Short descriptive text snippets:
○ ○ ○

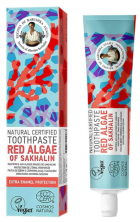 Red Algae Enamel Protection Toothpaste 85 gr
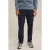 We Fashion Chino Dark Blue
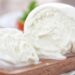 Riconoscere mozzarella di bufala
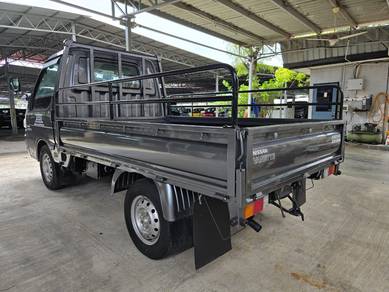 2026 Nissan SK82 1.8(M) STEEL KARGO 9FT# FULL LOAN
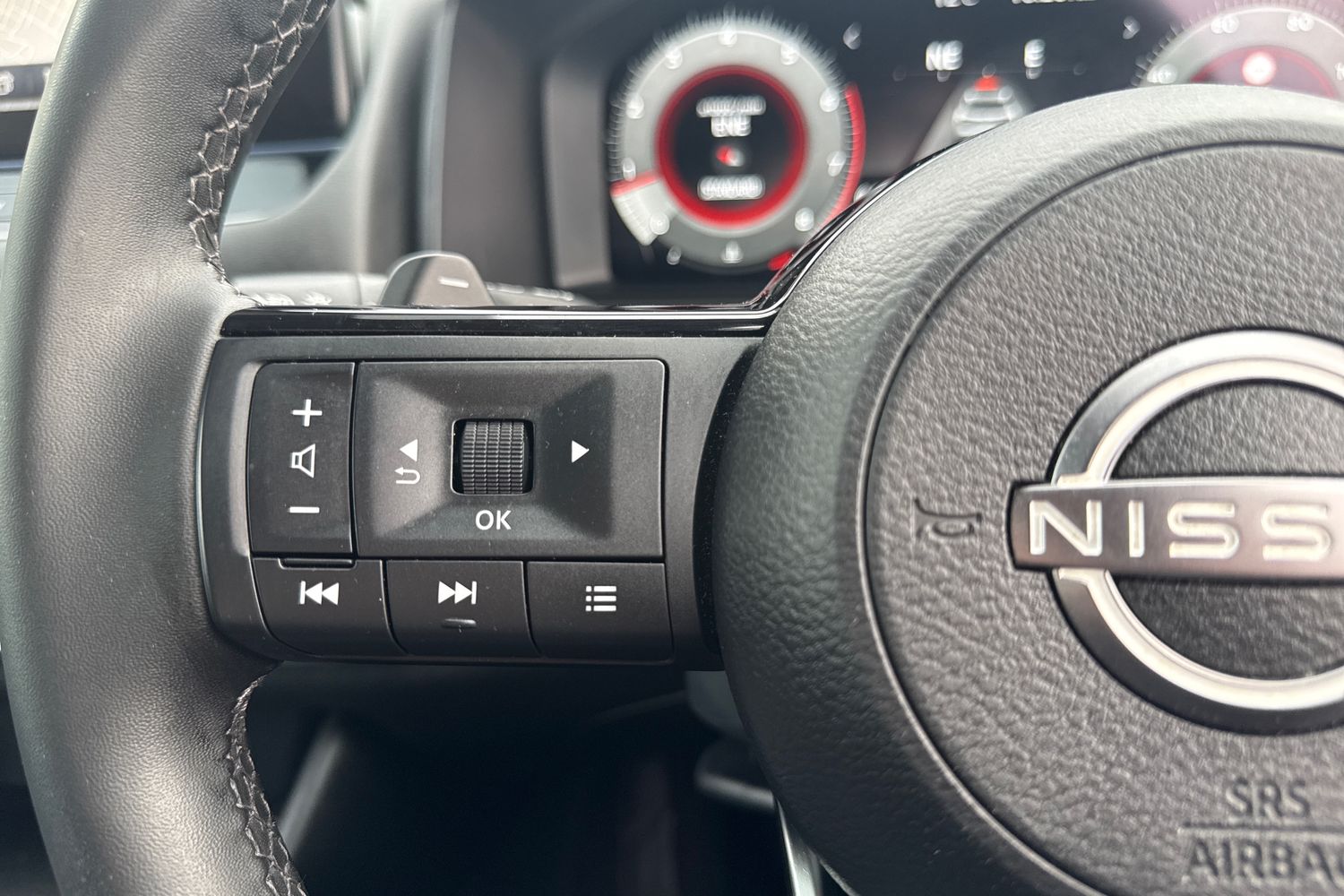 Used Nissan Qashqai 2023 for sale - 77380817: Photo 21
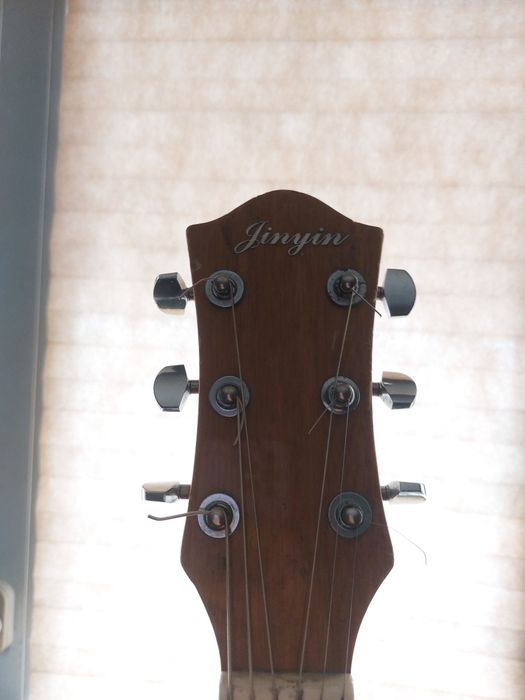 Гитара Jinyin p348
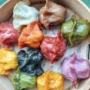 Vegan Gyoza Tokyo: Inside Tokyo’s Most Colorful Dumpling Restaurant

○ ○ ○

*Prompt*:
Print all the lines above exactly as they are, but without the pictures.

*Answer area*:
 Red Algae Enamel Protection Toothpaste 85 gr
 We Fashion Chino Dark Blue
 Riconoscere mozzarella di bufala
 2026 Nissan SK82 1.8(M) STEEL KARGO 9FT# FULL LOAN
 Used Nissan Qashqai 2023 for sale - 77380817: Photo 21
 Гитара Jinyin p348
 Vegan Gyoza Tokyo: Inside Tokyo’s Most Colorful Dumpling Restaurant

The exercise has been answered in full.